Appellants' Point 5 is addressed to the third venue fact mentioned above and asserts that the appellee failed to show a bona fide claim against Dale Alberts, one of the defendants resident in Hopkins County.

Because the trial judge overruled the appellants' plea of privilege, it must be inferred that he found the facts to favor such judgment, and venue for trial of the case is in Hopkins County under subd. 4, Art. 1995, unless the acts proved, as argued by the appellants, are not as a matter of law negligence proximately causing the injury and damage suffered by the appellee.
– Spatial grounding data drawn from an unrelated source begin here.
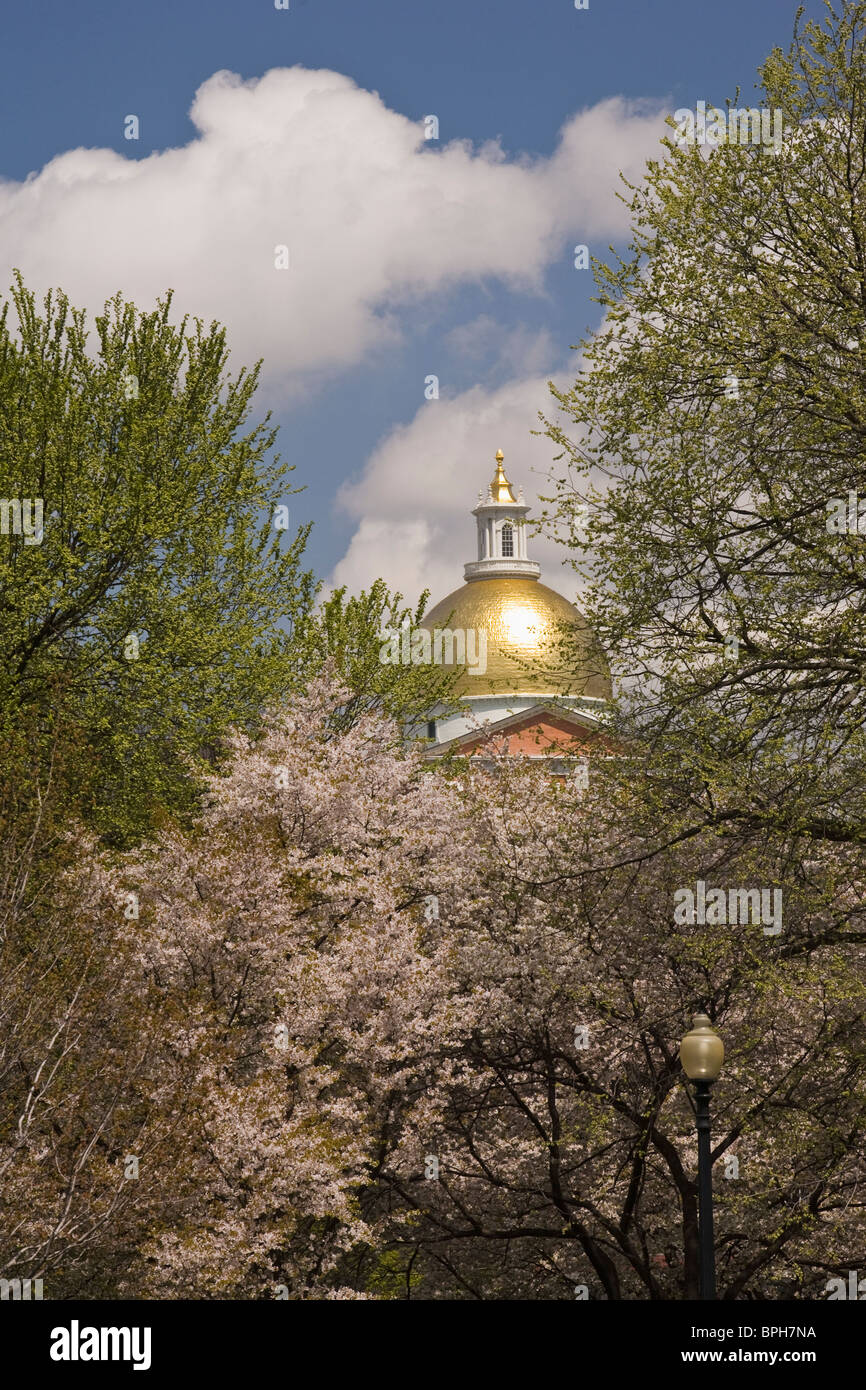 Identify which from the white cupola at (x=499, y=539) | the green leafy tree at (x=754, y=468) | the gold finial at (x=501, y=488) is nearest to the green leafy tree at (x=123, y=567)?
the green leafy tree at (x=754, y=468)

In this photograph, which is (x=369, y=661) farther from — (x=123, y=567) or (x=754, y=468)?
(x=754, y=468)

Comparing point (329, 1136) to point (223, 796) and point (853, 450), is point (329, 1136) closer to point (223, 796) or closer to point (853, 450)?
point (223, 796)

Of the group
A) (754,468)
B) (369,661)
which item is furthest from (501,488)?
(754,468)

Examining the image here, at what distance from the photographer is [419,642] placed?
38.3 m

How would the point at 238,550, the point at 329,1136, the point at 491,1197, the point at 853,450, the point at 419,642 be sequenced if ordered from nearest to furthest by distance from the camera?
1. the point at 853,450
2. the point at 329,1136
3. the point at 491,1197
4. the point at 238,550
5. the point at 419,642

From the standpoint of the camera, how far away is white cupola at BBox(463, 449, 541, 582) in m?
94.6

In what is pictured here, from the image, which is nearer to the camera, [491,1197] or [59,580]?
[491,1197]

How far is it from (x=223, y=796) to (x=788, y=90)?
12068 mm

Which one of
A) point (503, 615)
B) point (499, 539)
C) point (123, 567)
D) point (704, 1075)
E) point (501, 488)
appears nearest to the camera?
point (704, 1075)

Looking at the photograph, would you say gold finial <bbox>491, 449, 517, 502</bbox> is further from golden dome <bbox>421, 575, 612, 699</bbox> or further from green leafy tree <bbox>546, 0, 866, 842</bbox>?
green leafy tree <bbox>546, 0, 866, 842</bbox>

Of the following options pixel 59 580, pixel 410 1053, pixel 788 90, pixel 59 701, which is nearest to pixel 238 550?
pixel 59 580

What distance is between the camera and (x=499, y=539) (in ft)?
329

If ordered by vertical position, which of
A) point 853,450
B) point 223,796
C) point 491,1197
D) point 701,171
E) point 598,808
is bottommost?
point 491,1197

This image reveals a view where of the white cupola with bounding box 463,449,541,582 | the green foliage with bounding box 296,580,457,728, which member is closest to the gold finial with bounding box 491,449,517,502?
the white cupola with bounding box 463,449,541,582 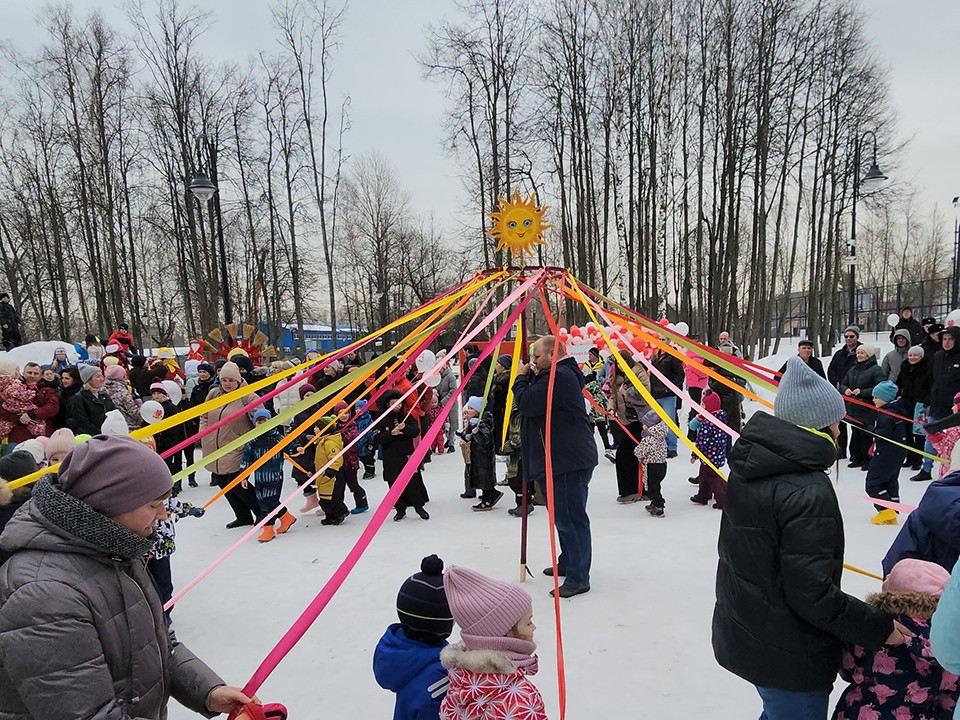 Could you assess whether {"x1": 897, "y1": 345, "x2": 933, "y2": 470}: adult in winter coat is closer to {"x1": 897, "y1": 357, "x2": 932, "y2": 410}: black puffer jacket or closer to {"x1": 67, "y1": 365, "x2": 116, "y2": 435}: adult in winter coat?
{"x1": 897, "y1": 357, "x2": 932, "y2": 410}: black puffer jacket

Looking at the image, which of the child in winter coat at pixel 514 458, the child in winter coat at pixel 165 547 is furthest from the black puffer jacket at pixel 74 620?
the child in winter coat at pixel 514 458

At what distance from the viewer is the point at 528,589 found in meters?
4.54

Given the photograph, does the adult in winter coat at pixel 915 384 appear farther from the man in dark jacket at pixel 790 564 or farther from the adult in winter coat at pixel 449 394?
the man in dark jacket at pixel 790 564

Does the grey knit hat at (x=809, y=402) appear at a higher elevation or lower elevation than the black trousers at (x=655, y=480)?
higher

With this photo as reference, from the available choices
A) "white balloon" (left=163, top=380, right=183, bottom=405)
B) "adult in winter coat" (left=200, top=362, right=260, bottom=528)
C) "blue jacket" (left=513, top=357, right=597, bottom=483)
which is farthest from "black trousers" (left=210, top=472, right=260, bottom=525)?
"blue jacket" (left=513, top=357, right=597, bottom=483)

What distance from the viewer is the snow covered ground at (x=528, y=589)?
323cm

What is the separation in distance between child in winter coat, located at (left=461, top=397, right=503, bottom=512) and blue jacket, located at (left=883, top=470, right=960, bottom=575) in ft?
16.1

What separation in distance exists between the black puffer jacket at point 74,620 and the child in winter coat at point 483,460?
17.7 ft

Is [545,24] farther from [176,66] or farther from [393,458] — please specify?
[393,458]

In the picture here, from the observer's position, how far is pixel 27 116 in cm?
2134

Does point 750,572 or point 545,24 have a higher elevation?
point 545,24

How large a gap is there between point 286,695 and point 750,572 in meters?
2.61

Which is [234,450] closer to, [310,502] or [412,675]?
[310,502]

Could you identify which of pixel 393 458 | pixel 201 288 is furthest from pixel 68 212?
pixel 393 458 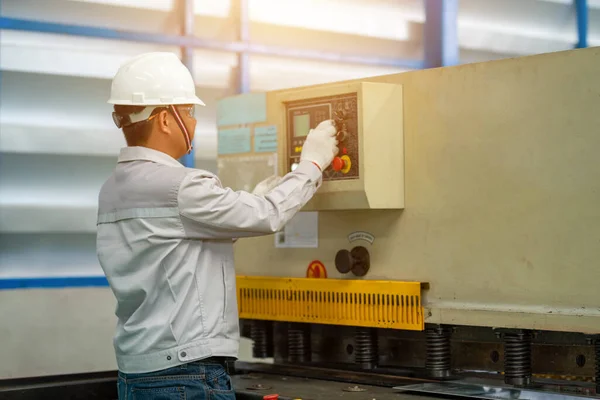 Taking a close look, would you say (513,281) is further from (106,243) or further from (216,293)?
(106,243)

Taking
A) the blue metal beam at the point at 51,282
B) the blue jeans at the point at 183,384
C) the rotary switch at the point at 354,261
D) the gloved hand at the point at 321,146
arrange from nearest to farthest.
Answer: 1. the blue jeans at the point at 183,384
2. the gloved hand at the point at 321,146
3. the rotary switch at the point at 354,261
4. the blue metal beam at the point at 51,282

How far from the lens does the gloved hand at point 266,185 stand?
6.68 feet

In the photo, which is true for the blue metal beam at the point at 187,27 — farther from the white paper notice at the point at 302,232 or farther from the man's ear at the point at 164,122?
the man's ear at the point at 164,122

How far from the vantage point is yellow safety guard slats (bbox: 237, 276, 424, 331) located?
1.94m

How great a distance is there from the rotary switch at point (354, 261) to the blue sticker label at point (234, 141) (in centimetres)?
44

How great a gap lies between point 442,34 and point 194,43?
4.25 feet

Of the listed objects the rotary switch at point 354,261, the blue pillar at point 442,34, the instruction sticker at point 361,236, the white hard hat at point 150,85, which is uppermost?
the blue pillar at point 442,34

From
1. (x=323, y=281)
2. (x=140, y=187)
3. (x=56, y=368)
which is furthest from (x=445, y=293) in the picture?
(x=56, y=368)

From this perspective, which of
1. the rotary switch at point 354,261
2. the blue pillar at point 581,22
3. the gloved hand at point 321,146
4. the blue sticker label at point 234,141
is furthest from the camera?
the blue pillar at point 581,22

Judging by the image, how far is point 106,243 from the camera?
5.99 feet

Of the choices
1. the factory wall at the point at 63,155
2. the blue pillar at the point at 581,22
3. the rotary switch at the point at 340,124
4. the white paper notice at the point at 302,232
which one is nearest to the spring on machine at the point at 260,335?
the white paper notice at the point at 302,232

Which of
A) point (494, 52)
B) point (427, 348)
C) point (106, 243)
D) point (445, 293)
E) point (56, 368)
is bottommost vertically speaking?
point (56, 368)

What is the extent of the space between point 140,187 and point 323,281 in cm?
57

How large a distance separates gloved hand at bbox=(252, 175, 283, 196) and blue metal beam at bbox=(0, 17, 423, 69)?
145 cm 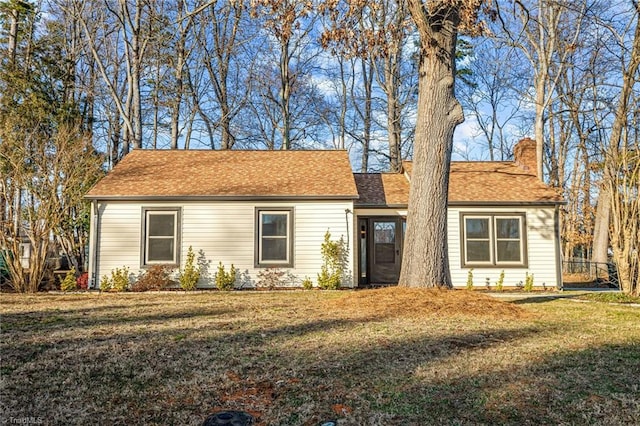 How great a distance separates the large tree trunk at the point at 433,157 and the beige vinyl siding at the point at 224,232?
4.26m

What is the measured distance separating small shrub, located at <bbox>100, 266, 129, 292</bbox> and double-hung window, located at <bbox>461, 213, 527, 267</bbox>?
912 cm

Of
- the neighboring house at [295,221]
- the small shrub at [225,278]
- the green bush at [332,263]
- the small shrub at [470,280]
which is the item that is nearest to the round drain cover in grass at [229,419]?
the green bush at [332,263]

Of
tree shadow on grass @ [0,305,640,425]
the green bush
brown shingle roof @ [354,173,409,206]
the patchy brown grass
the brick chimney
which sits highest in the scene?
the brick chimney

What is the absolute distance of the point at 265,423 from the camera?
→ 290 centimetres

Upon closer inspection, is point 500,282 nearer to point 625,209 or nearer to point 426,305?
point 625,209

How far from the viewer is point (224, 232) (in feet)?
40.6

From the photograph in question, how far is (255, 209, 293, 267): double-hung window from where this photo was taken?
12.4 m

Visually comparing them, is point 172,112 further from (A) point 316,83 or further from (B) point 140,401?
(B) point 140,401

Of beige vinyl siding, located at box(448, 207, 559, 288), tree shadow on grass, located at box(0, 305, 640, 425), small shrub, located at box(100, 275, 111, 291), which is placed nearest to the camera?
tree shadow on grass, located at box(0, 305, 640, 425)

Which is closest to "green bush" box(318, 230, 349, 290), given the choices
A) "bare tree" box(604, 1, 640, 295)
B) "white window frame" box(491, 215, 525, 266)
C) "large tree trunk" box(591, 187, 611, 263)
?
"white window frame" box(491, 215, 525, 266)

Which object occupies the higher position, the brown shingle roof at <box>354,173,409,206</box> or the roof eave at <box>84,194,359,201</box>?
the brown shingle roof at <box>354,173,409,206</box>

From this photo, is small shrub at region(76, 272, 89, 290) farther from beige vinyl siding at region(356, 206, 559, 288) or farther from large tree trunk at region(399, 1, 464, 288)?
beige vinyl siding at region(356, 206, 559, 288)

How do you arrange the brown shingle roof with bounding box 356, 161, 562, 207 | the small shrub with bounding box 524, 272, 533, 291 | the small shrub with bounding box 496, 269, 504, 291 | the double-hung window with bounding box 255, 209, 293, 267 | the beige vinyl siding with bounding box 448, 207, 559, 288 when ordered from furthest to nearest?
the brown shingle roof with bounding box 356, 161, 562, 207 → the beige vinyl siding with bounding box 448, 207, 559, 288 → the small shrub with bounding box 496, 269, 504, 291 → the small shrub with bounding box 524, 272, 533, 291 → the double-hung window with bounding box 255, 209, 293, 267

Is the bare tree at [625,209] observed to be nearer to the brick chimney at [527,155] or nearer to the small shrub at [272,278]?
the brick chimney at [527,155] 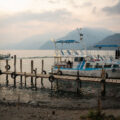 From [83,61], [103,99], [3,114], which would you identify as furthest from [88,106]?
[83,61]

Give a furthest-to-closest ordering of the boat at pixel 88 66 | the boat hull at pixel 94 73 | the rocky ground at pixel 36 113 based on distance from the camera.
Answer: the boat at pixel 88 66, the boat hull at pixel 94 73, the rocky ground at pixel 36 113

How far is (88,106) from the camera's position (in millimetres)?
20734

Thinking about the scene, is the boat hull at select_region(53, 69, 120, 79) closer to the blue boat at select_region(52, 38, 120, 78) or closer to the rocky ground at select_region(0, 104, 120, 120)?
the blue boat at select_region(52, 38, 120, 78)

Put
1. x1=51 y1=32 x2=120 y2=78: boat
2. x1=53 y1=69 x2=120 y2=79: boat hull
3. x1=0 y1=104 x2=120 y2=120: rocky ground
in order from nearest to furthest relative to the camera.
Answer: x1=0 y1=104 x2=120 y2=120: rocky ground < x1=53 y1=69 x2=120 y2=79: boat hull < x1=51 y1=32 x2=120 y2=78: boat

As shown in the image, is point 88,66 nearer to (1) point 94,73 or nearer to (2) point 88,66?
(2) point 88,66

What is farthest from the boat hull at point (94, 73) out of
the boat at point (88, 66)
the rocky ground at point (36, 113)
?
the rocky ground at point (36, 113)

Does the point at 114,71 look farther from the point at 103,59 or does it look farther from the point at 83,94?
the point at 83,94

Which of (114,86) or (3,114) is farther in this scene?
(114,86)

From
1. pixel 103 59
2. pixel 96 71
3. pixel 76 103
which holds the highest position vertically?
pixel 103 59

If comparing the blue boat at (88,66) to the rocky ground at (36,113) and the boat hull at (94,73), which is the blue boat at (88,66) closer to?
the boat hull at (94,73)

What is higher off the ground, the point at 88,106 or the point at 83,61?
the point at 83,61

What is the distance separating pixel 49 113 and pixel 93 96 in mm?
10220

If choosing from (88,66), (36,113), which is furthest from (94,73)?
(36,113)

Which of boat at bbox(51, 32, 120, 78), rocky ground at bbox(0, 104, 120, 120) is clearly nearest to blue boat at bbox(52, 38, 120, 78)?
boat at bbox(51, 32, 120, 78) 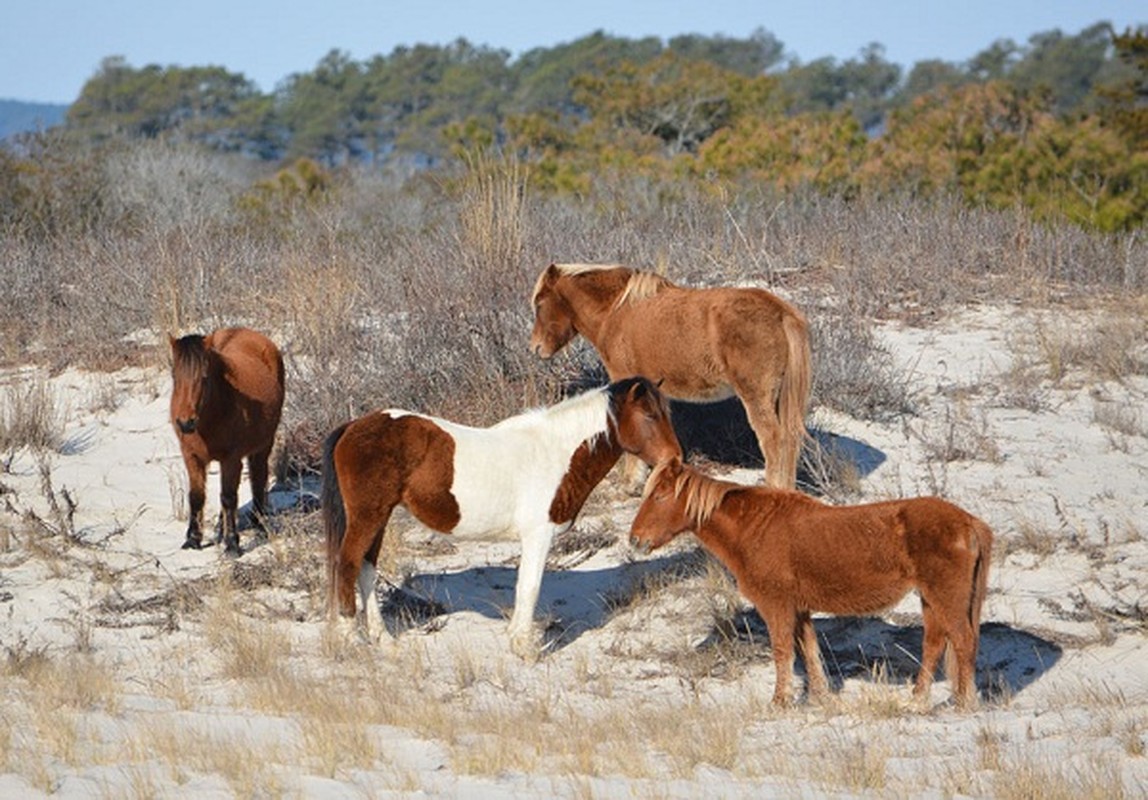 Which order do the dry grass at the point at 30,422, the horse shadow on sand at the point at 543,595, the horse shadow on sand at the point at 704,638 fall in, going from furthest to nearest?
the dry grass at the point at 30,422
the horse shadow on sand at the point at 543,595
the horse shadow on sand at the point at 704,638

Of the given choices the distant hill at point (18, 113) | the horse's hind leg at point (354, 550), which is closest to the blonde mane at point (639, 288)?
the horse's hind leg at point (354, 550)

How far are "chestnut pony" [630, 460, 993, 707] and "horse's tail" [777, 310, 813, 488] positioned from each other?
6.74 ft

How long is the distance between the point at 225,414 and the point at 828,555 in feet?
13.5

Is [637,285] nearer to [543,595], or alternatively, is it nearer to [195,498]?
[543,595]

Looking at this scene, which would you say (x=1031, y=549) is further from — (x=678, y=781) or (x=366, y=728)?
(x=366, y=728)

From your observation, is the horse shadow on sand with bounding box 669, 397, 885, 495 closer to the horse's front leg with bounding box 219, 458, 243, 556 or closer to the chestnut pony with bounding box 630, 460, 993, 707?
the chestnut pony with bounding box 630, 460, 993, 707

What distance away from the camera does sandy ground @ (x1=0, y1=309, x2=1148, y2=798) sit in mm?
5844

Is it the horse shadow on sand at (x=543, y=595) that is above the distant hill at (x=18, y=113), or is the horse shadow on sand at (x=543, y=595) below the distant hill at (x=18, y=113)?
below

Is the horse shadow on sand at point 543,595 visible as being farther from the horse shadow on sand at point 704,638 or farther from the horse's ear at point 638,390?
the horse's ear at point 638,390

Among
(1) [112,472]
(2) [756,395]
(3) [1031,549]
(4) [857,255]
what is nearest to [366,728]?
(2) [756,395]

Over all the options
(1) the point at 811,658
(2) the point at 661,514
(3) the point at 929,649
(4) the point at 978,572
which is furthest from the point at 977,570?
(2) the point at 661,514

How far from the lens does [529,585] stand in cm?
795

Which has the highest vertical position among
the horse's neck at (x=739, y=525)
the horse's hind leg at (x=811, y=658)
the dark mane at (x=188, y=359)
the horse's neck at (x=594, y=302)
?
the horse's neck at (x=594, y=302)

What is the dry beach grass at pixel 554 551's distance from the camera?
19.7 feet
Whether furnishing the appellee a tractor and requiring him to operate it in the condition and under the circumstances shown is negligence is a question for the trial judge as trier of the facts. It is concluded that the evidence, largely undisputed, considered in the light most favorable to the judgment will support a finding of negligence and proximate cause. If reasonable minds may draw variable inferences from the facts and circumstances in evidence which would support a judgment for or against Dale Alberts, a question of fact is presented. Without prolonging this opinion, it may be stated that under the principles of law discussed in LeMaster v. Ft. Worth Transit Co., 138 Tex. 512, 160 S.W.2d 224, and Dougherty v. Robb, Tex.Civ.App., 5 S.W.2d 582, wr. dis., acts of negligence may be found from the facts herein recited. Also such acts could properly be found to be the proximate cause of appellee's injuries under principles stated in Biggers v. Continental Bus System, Tex., 303 S.W.2d 359; Hopson v. Gulf Oil Corp., 150 Tex. 1, 237 S.W.2d 352.

The conclusions expressed make it unnecessary to discuss other of appellants' points of error, but it might be appropriate to briefly comment on Point 1 which raises the question that venue in this case would lie exclusively in Tarrant County, because such county is the residence of the trustee. A reading of S.B. 251, known as the Texas Trust Act, now Art. 7425b—1 et seq., and the purposes the bill reveals for its enactment exclude the legislative intent to fix venue of tort actions against a single trustee by parties not privy to the trust in the county of the residence of the trustee. The reasons discussed in City State Bank in Wellington v. National Bank of Commerce of Altus, Okla., Tex.Civ.App., 261 S.W.2d 749, wr. ref., n. r. e., would have application in this tort action and require that the point be overruled.

All the appellants' points of error have been studied in context with the argument and authorities in their support and it is thought that none present reversible error; therefore, the judgment of the trial court is affirmed.